>>>>>

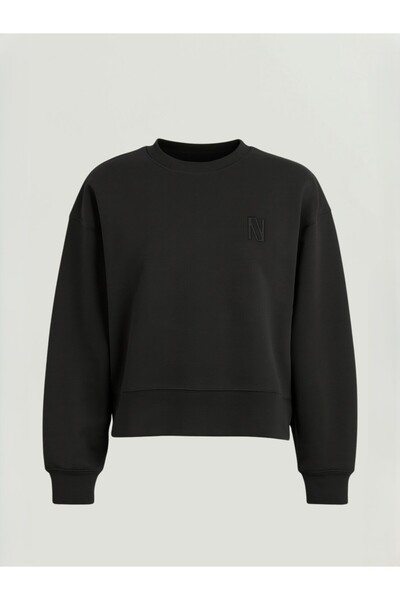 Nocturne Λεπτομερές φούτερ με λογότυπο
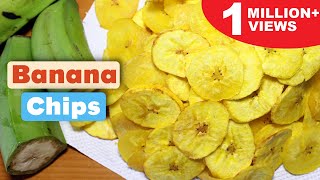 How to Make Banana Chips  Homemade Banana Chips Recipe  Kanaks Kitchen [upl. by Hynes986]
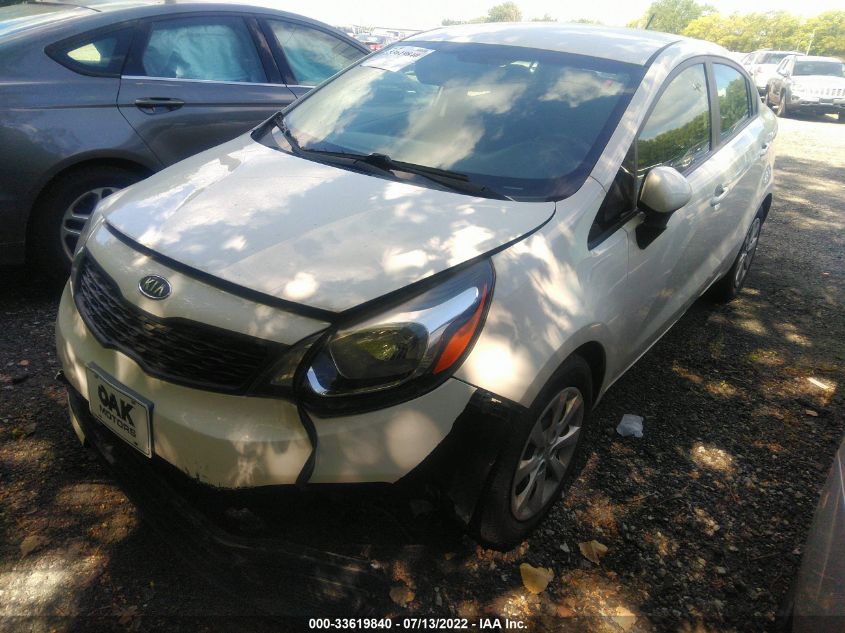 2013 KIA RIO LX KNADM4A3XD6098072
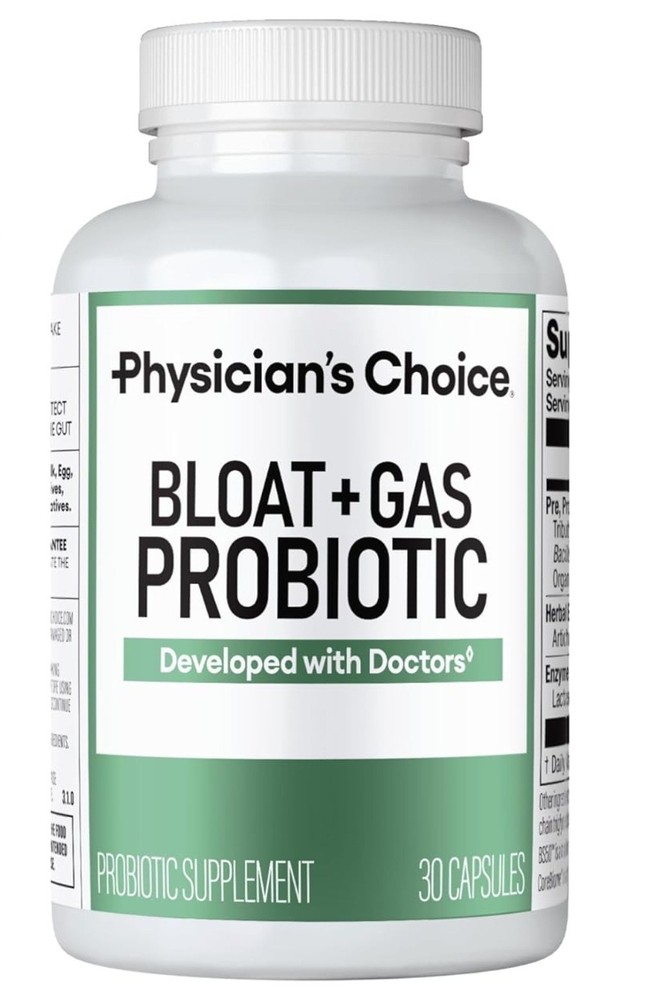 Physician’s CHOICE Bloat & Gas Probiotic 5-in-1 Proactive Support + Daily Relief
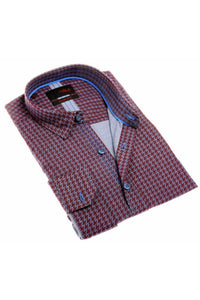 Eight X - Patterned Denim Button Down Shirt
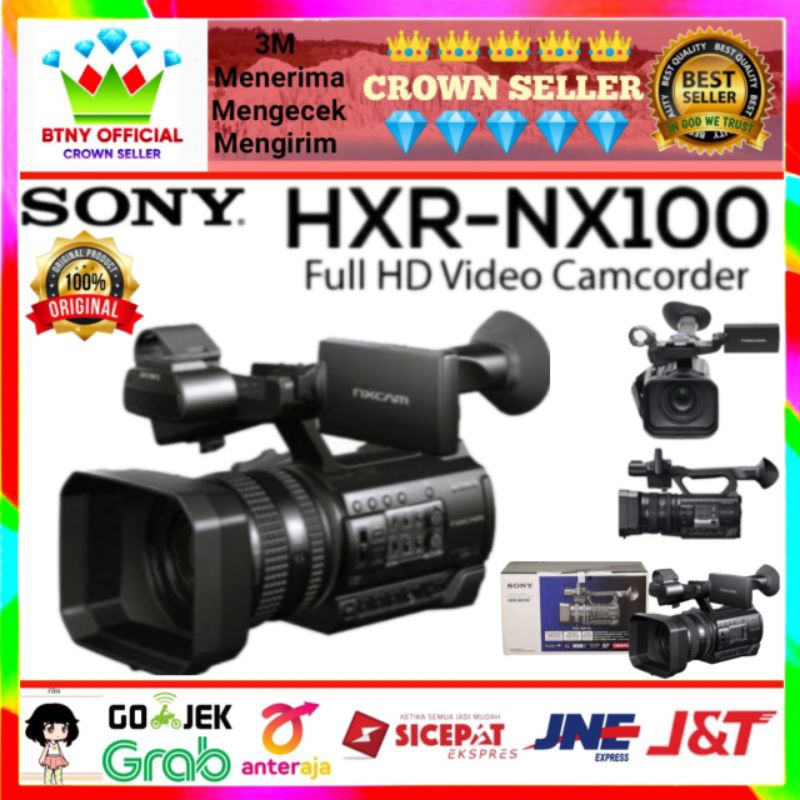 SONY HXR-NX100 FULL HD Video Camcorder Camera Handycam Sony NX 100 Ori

<<<<<

■ INSTRUCTIONS FOR THE TASK
Please print the data above in its entirety, exactly, but without any picture.

■ ANSWER BELOW
 Nocturne Λεπτομερές φούτερ με λογότυπο
 How to Make Banana Chips  Homemade Banana Chips Recipe  Kanaks Kitchen [upl. by Hynes986]
 2013 KIA RIO LX KNADM4A3XD6098072
 Physician’s CHOICE Bloat & Gas Probiotic 5-in-1 Proactive Support + Daily Relief
 Eight X - Patterned Denim Button Down Shirt
 SONY HXR-NX100 FULL HD Video Camcorder Camera Handycam Sony NX 100 Ori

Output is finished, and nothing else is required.